Stesso percorso dunque per due ragazzi con lo spettacolo nel sangue prossimi a spiccare il volo sulla scia del successo del loro idolo e che poi avrebbero avuto un percorso diverso ma ugualmente con una popolarità internazionale.
“Fu il ‘distintivo’ che mi permise di entrare in avanspettacolo- prosegue Bruno- l’anno dopo e che non mi sarei più tolto di dosso, sino alla nascita dei Brutos nel 1959. Ma solo sulle scene, perché dentro di me “quel” costume lo porto addosso ancora oggi, come nel 1956. Addio Jerry. Grazie per tutto ciò che mi hai insegnato e fatto capire come si può essere Uomo e Comico per tutta una vita con leggerezza e amore per il prossimo. Sei stato unico”.
Come Celentano con Tony Renis, anche Gerry fece coppia col futuro cantante dei Brutos Iack Guerrini per riproporre al pubblico italiano, la coppia Jerry Lewis-Dean Martin, ma non furono i soli dalle nostre parti. Anche Ric e Gian infatti iniziarono il loro sodalizio così, imitando quella coppia di Hollywood.
Ric, al secolo Riccardo Miniggio, cominciò proprio come imitatore di Lewis all’”Ideal” di Torino prima di conoscere Gian Fabio Bosco che lavorava con Gilberto Govi, poi quando i due si misero in coppia decisero di chiamarsi Jerry e Fabio ispirandosi al duo americano che stava spopolando al cinema, scelta azzeccata perché li fece approdare grazie al loro estro e brio al “Crazy Horse” di Parigi prima di sfondare anche in Italia insieme ad altri debuttanti eccellenti come Paolo Villaggio e Cochi Renato in tv.

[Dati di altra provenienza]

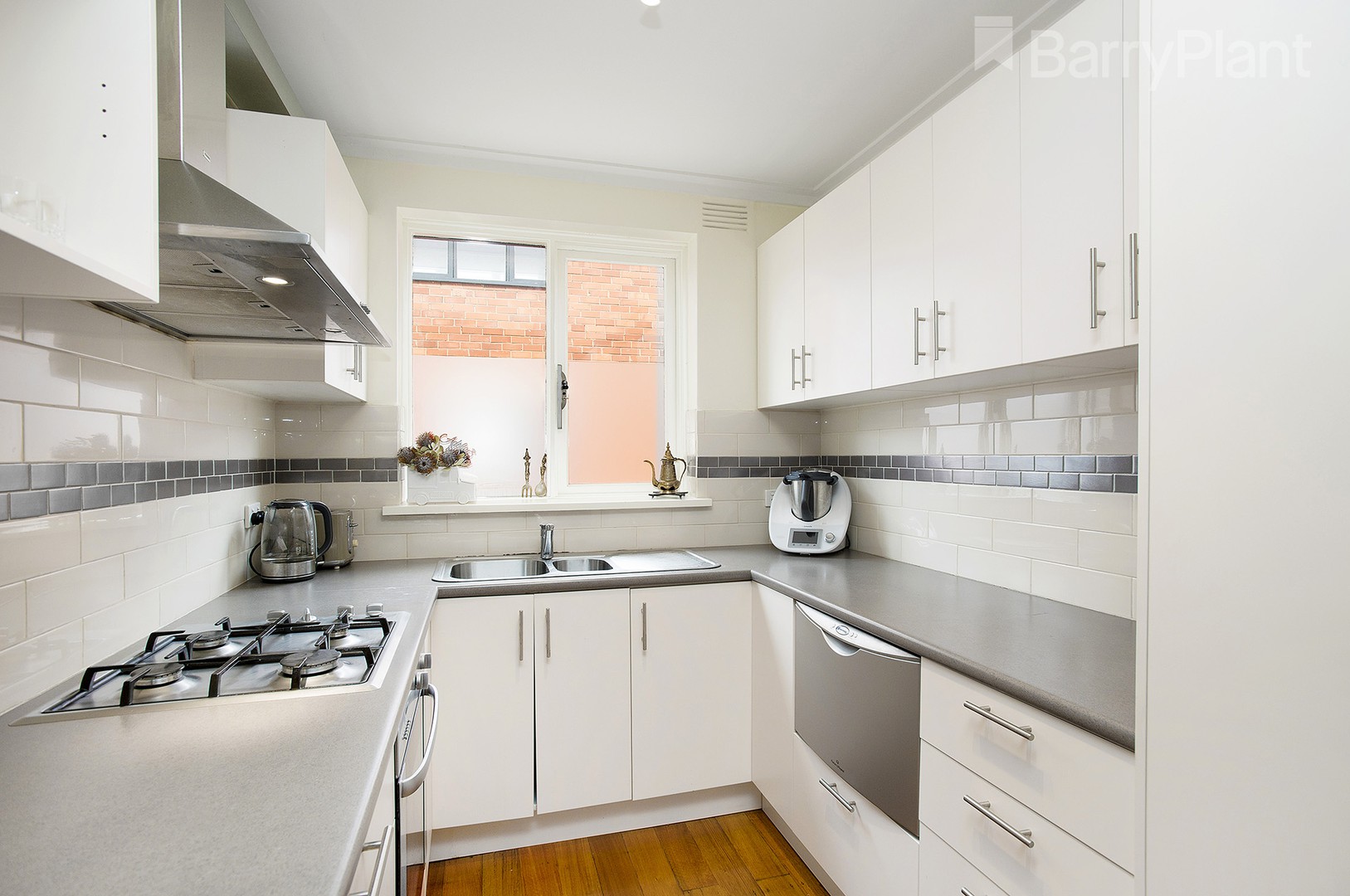9/5 Derby Crescent, Caulfield East, VIC 3145 - Thumbnail 2 - 18/05/2019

“Orfano” da qualche anno del compagno di tante avventure artistiche Gian, Ric non se l’è sentita di commentare pubblicamente la scomparsa del suo mito di gioventù a cui deve tutto. Contattato per una testimonianza, ha declinato l’invito preferendo restare in silenzio coi suoi pensieri e ricordi. Il clown che ha divertito grandi e piccoli senza distinzione, ora è triste e piange il suo capocomico. Come tutto il pubblico che lo ha amato.